The Lord spoke to Moses, saying: “When you take the sum of the children of Israel according to their numbers, let each one give to the Lord an atonement for his soul when they are counted; then there will be no plague among them when they are counted. (Exodus 30:11-12)
This first count served a number of purposes. It was a census. It provided silver for the construction of the Mishkan (Tabernacle), and it was affected atonement. The Jewish nation has misused its wealth in the creation of the Golden Calf and were now redeeming themselves (and their wealth) by contributing to a holy and higher cause.
The Lubavitcher Rebbe (1902-1994) makes a fascinating observation.
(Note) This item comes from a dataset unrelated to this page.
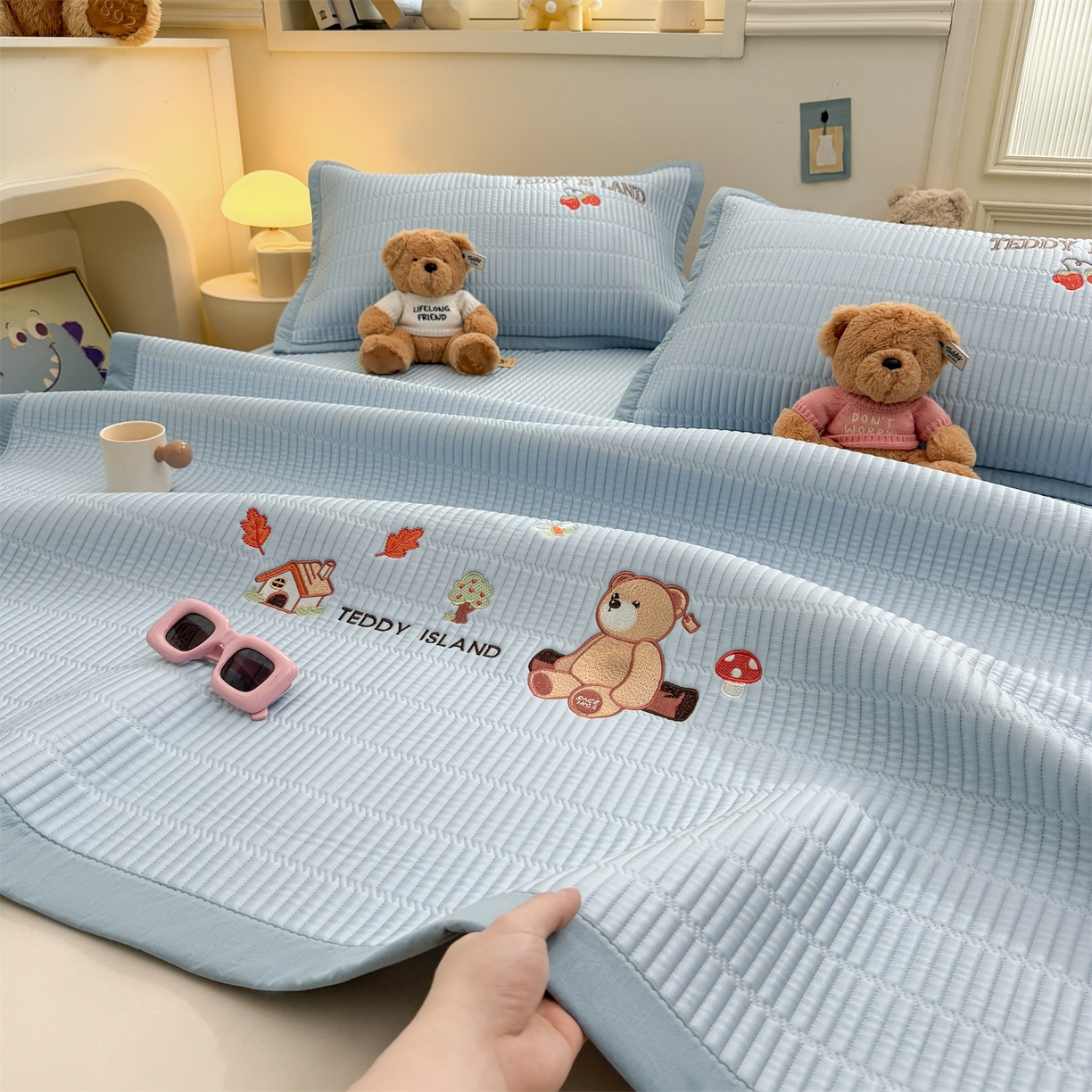 91家纺网 家纺一手货源 找家纺 源舍家纺 2026新款A类高端刺绣pe乙纶冰豆豆席空调软席爱兰系列正版授权（提供买家秀） 蓝屿泰迪-蓝 床席款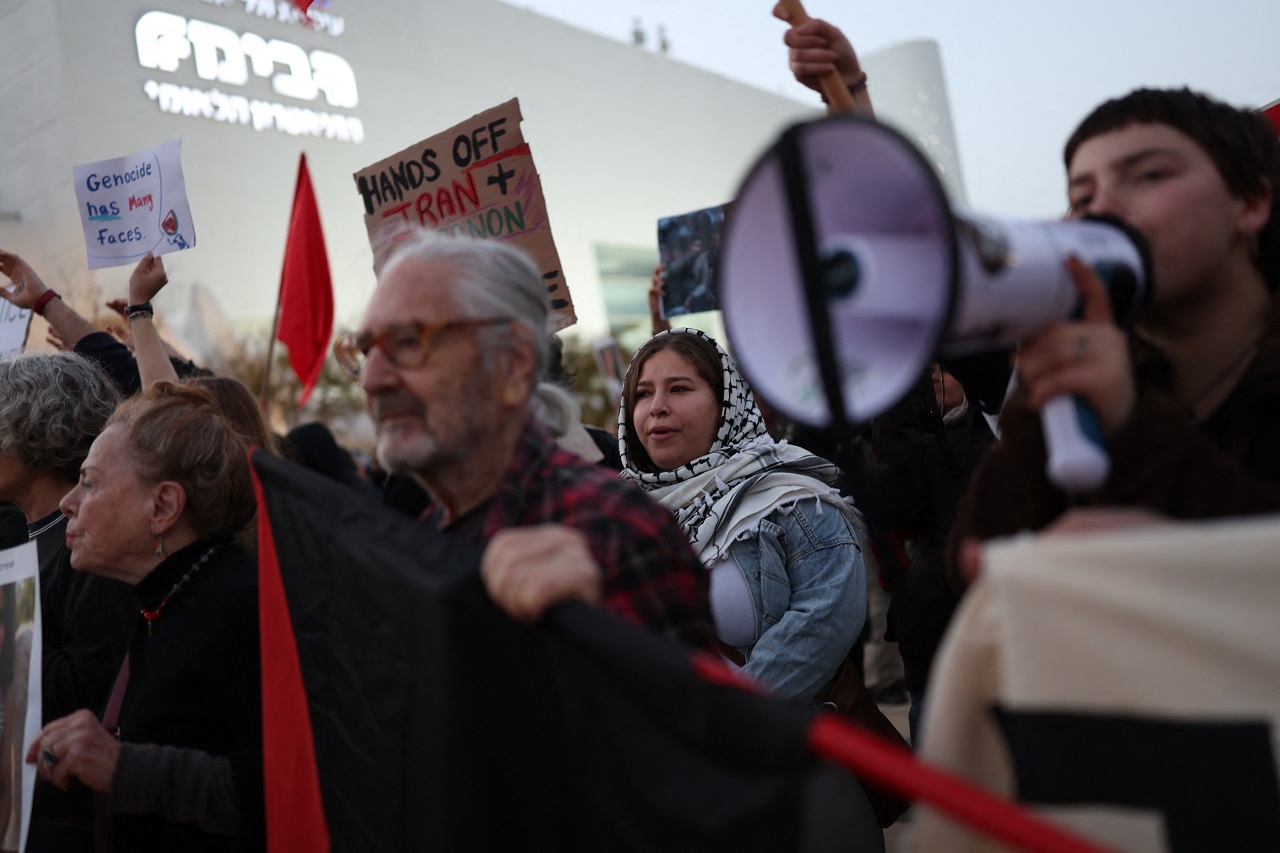 Peste o mie de oameni, la tel aviv, protestează împotriva războiului cu iranul și hezbollah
The verse read, “Ki sisa es rosh bnai yisroel, when you count the children of Israel.” The true translation of “Ki sisa es rosh” is “when you lift up the head.” But how can you lift the head? Is it not already the “highest” part of the body? And it is here that the Torah is teaching us a beautiful, yet nuanced lesson. Even if you are a rosh, accomplished and spiritually elevated, you must always strive to live a life of ki sisa, elevation and growth. We have dreams and aspirations, and BH, many times we put in the requisite effort, and we accomplish. We cross the finish line. Our goals materialize. We become the rosh. But even in those moments of incredible life accomplishment, we must ask ourselves, “what’s next?” What is the next journey? What is the next accomplishment? What else needs to be done? Even the rosh has to lift itself higher.
It is important to be cognizant of my accomplishments and take pride in all I have achieved. The existential danger we encounter is when that cognition leads to stagnation. We must avoid the temptation of feeling fully accomplished and complacent. No matter how high and holy the rosh may be, we must always lead lives of ki sisa.